Question about absolute value

Question

In $\mathbb{R}$, I know that \begin{equation*} |x|= \begin{cases} x&\mbox{$x\geq0$}\\ -x&\mbox{$x<0$} \end{cases} \end{equation*}

What's the $|\cdot|$ in $\mathbb{R}^d$? Is it $|x|=(|x_1|,\ldots,|x_d|)$?

Answer 1

There are multiple meaning for $||x||$ or $|x|$when $x\in \mathbb{R}^d$. Generally $||x||$ is called the norm of $x$.

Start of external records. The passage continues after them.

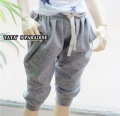 AF4083【TATA】★SD13，SD17用ズボン|ズボン/サロペ|◆ドール洋服（種類別）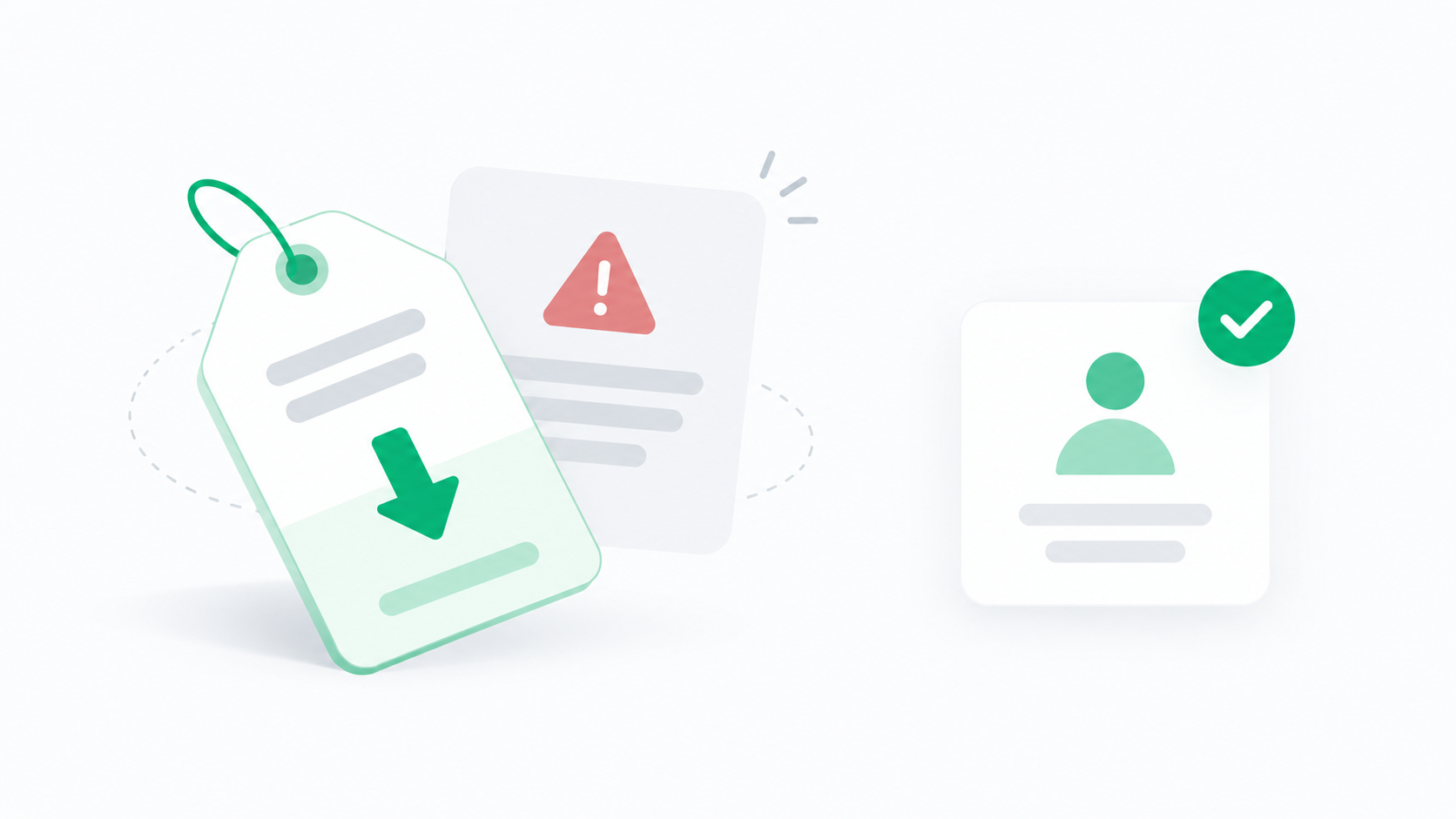 When a renewal discount saves the account and when it delays churn | RetainSure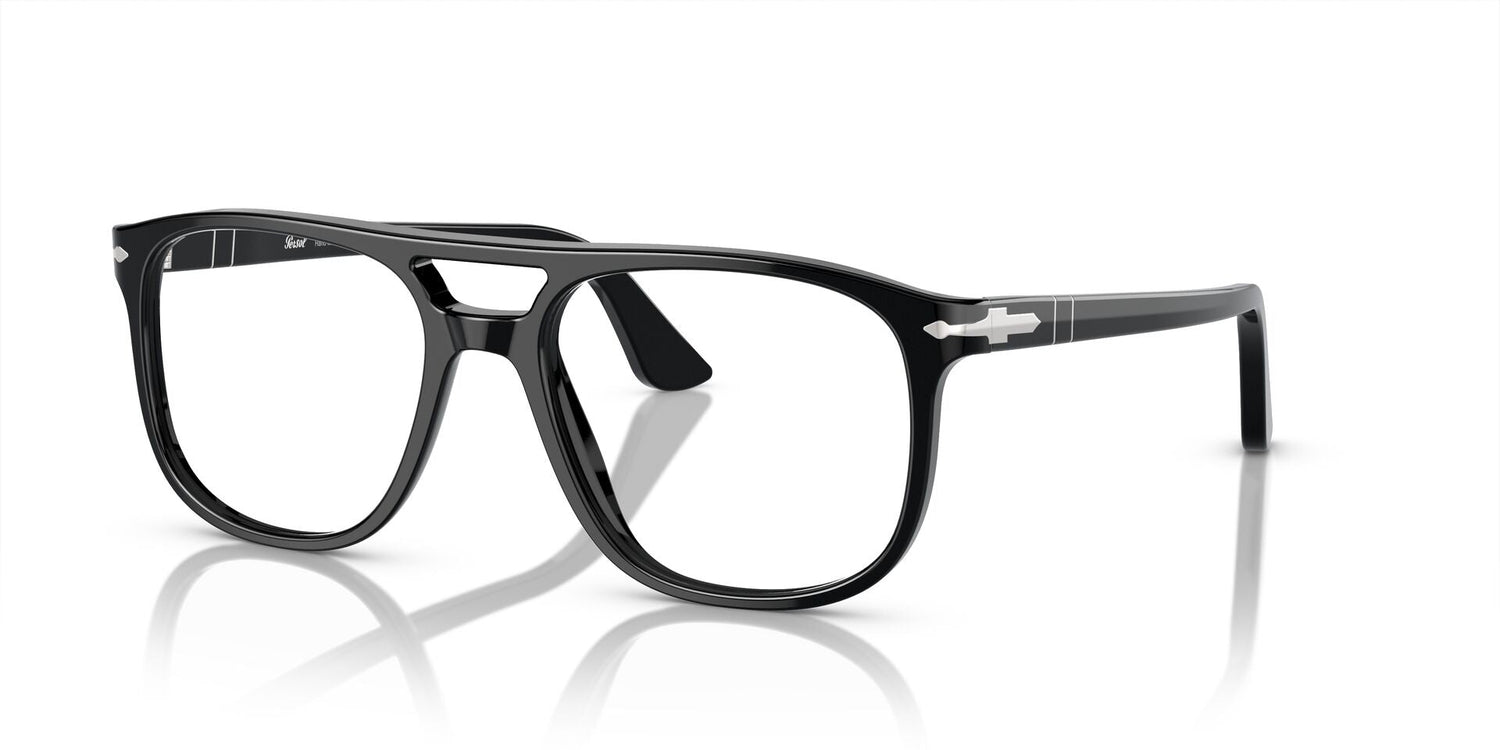 PERSOL PO3329V GRETA 95 52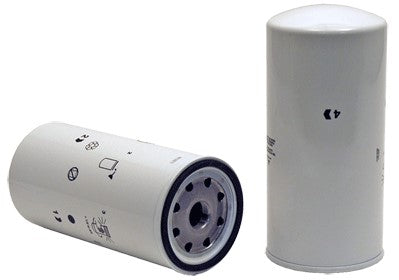 Wix 33979 Fuel Filter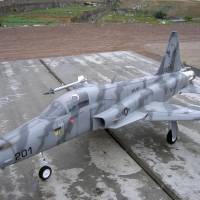 F-5__TIGER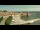 Webcam in Collioure, 4.3 km entfernt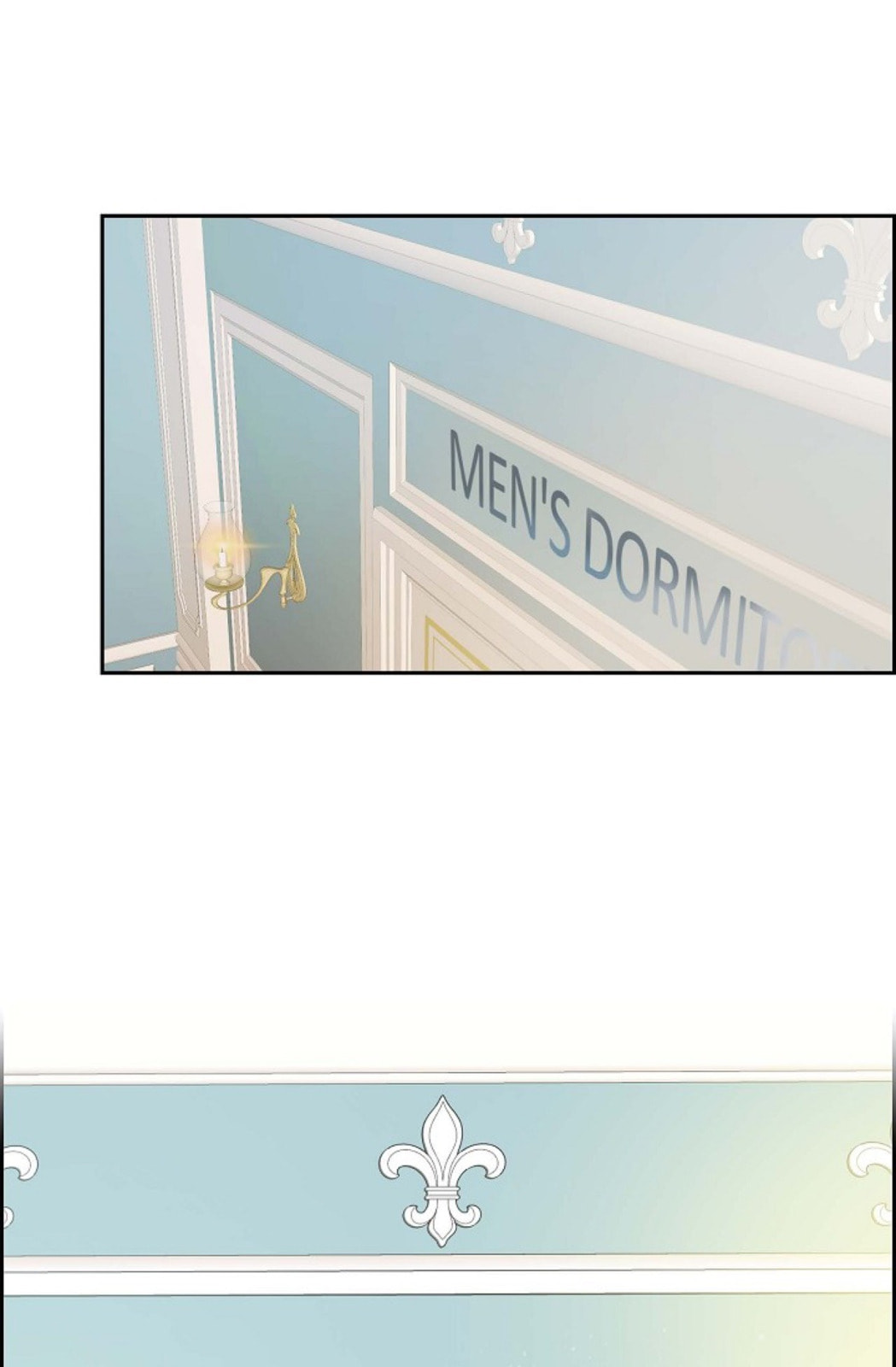 Read For Stella chapter 3 image 56 on Lezhin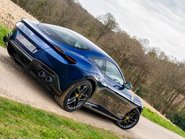 Ferrari Roma 3.9 Roma Semi-Auto 2dr 20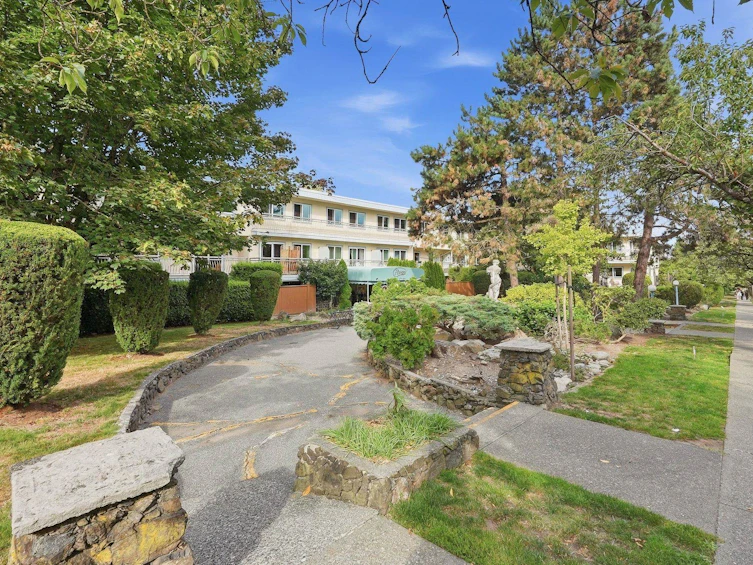 229-711 E 6th Avenue, Vancouver, BC, V5T 1L7 - 28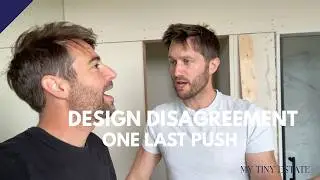 Design Problems... Amazing Results!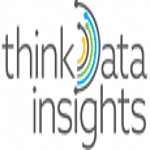 Think Data Insights,LLC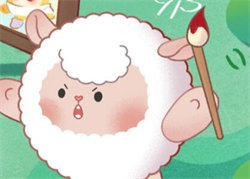 蛋仔派對11月份都有哪些皮膚 11月皮膚內容介紹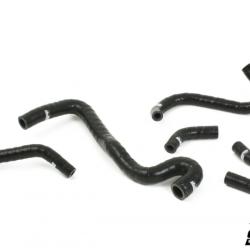 DOB Hose - Crankcase Ventilation do88 DO88-KIT176S
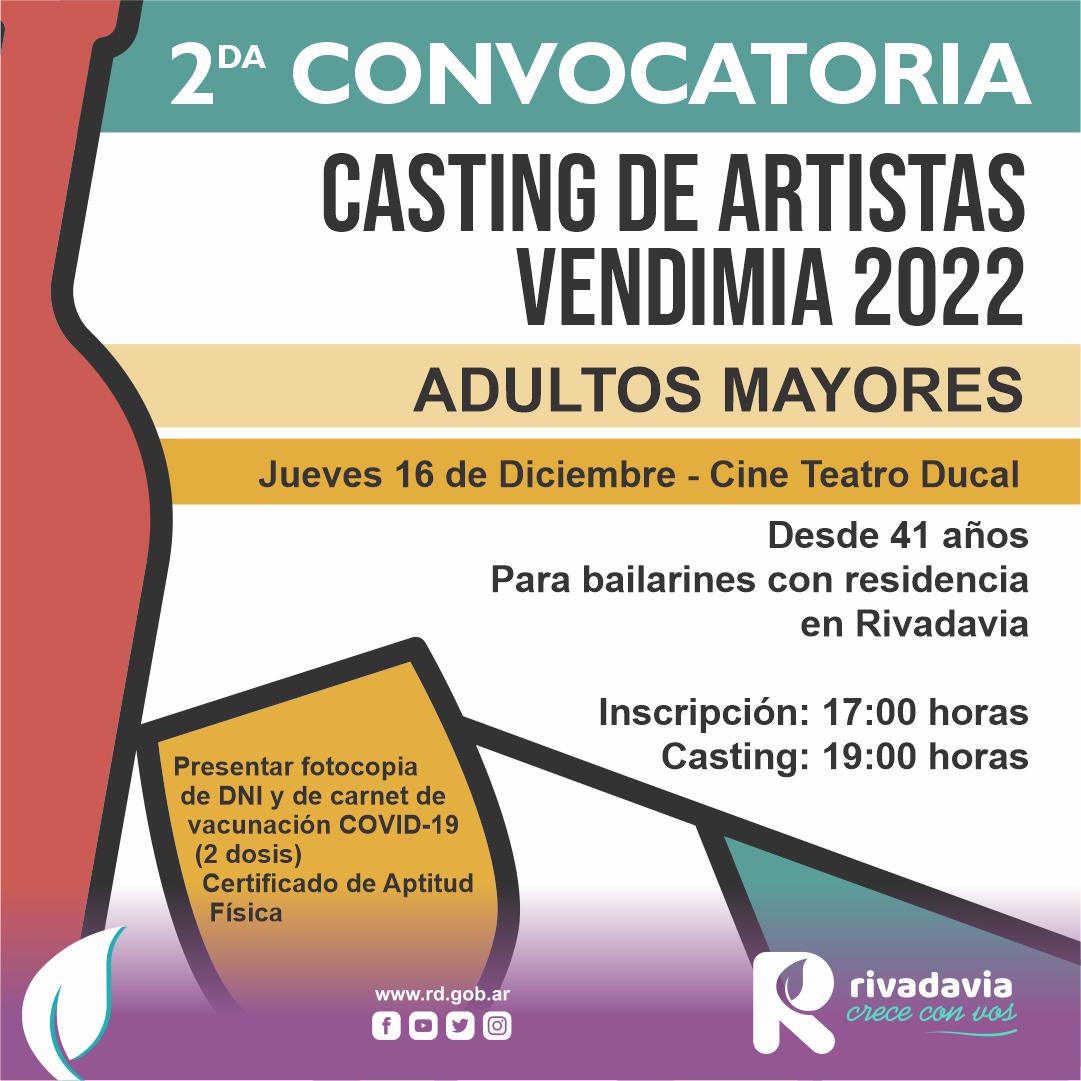 casting vendimia 22 2 (1)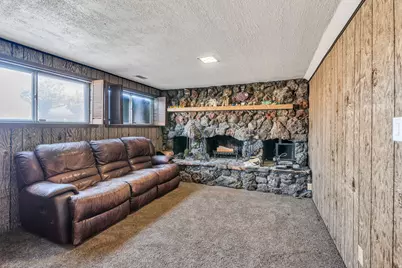 4433 W 3100 S, West Valley, UT 84120 - Photo 12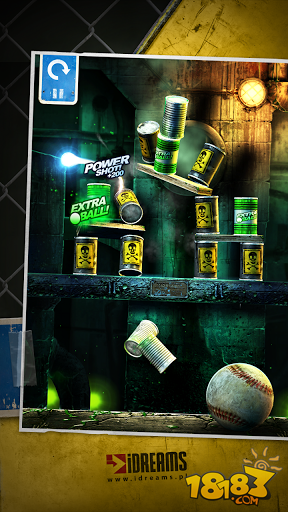 《砸罐子3》三星技巧图文攻略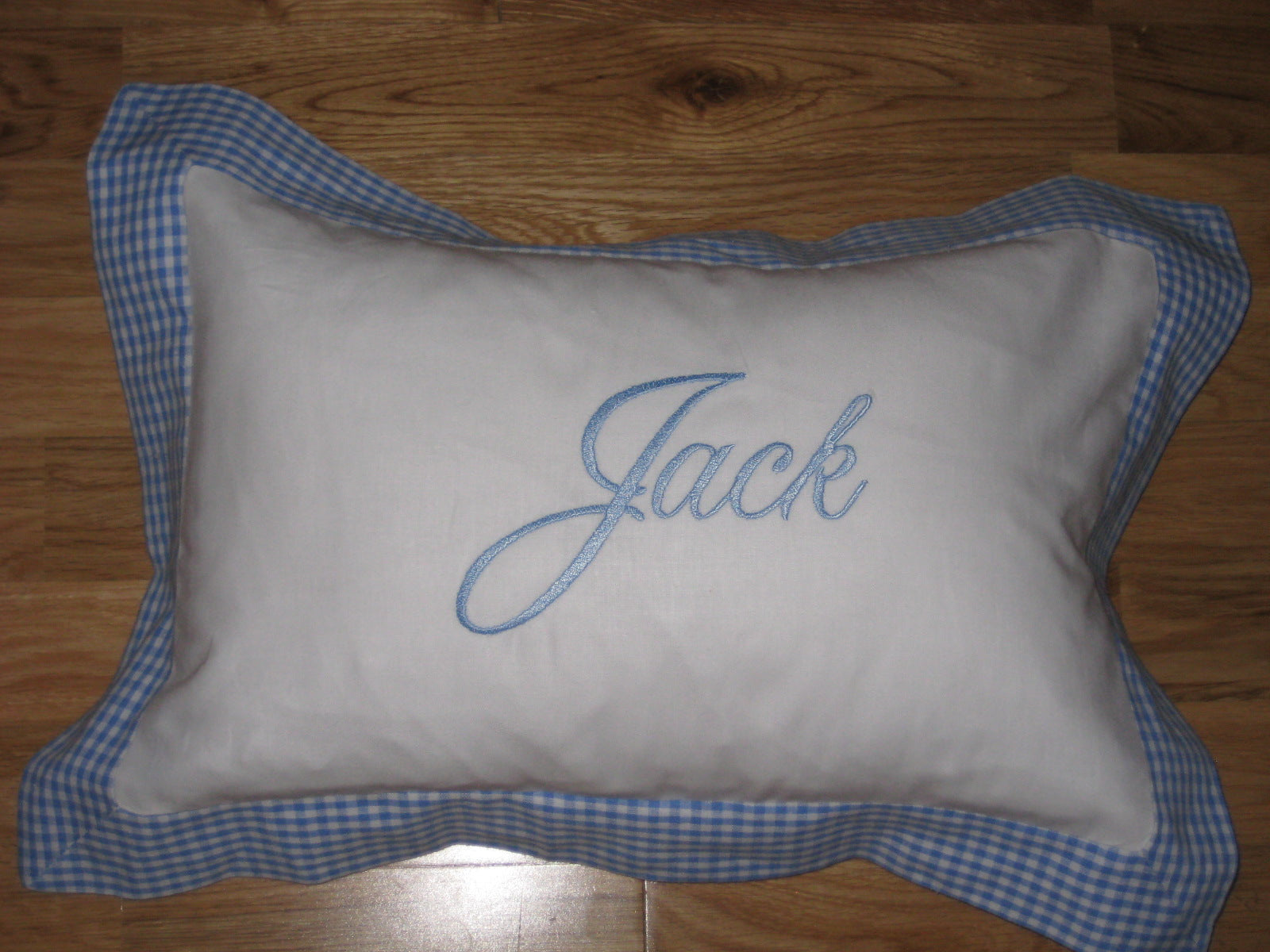 Pillows Product 1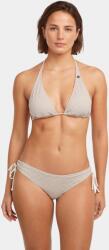O'Neill O Riginals Crochet Bikini Set D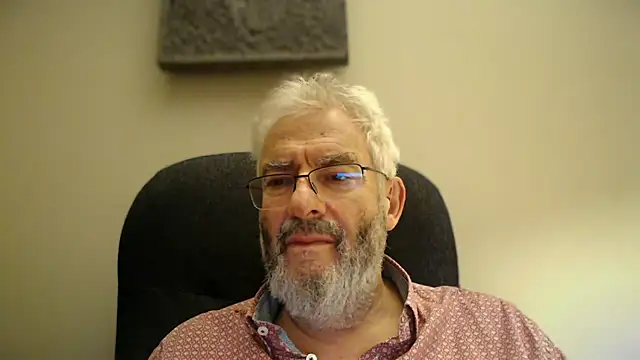 Ipanemko's cam snapshot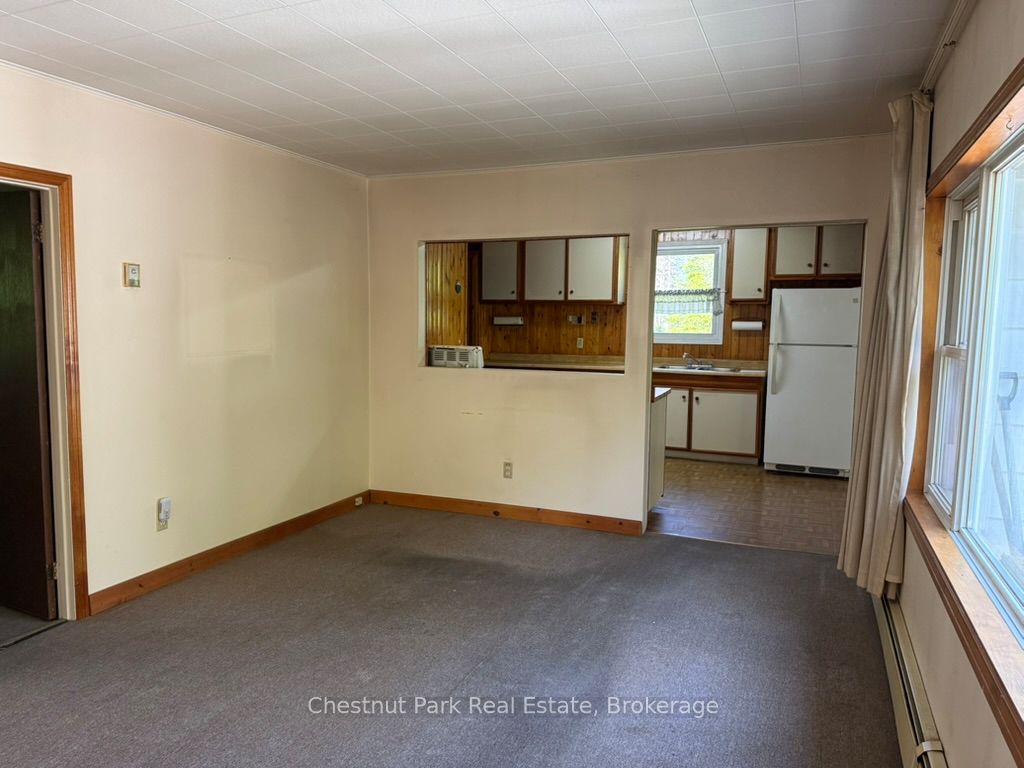173 Midlothian Road Property Photo 12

The norm is defined only by certain characteristics. Any function that follows these characteristics can be considered a norm. So based on the context one can choose the norm one wants. The norm given in Fly by Night's answer is called the Euclidean norm and commonly written with single lines as you have $|x|$ when $x\in \mathbb{R}$ (Can use single line in higher spaces too, a matter of preference). Other norms in Euclidean space include Manhattan norm, p-norm etc. The characteristics of a norm function are: absolute scalability, follow triangle inequality and zero only at zero. From these non-negativity follows.

Please refer http://www-solar.mcs.st-andrews.ac.uk/~clare/Lectures/num-analysis/Numan_chap1.pdf and http://mathworld.wolfram.com/VectorNorm.html for a quick reference.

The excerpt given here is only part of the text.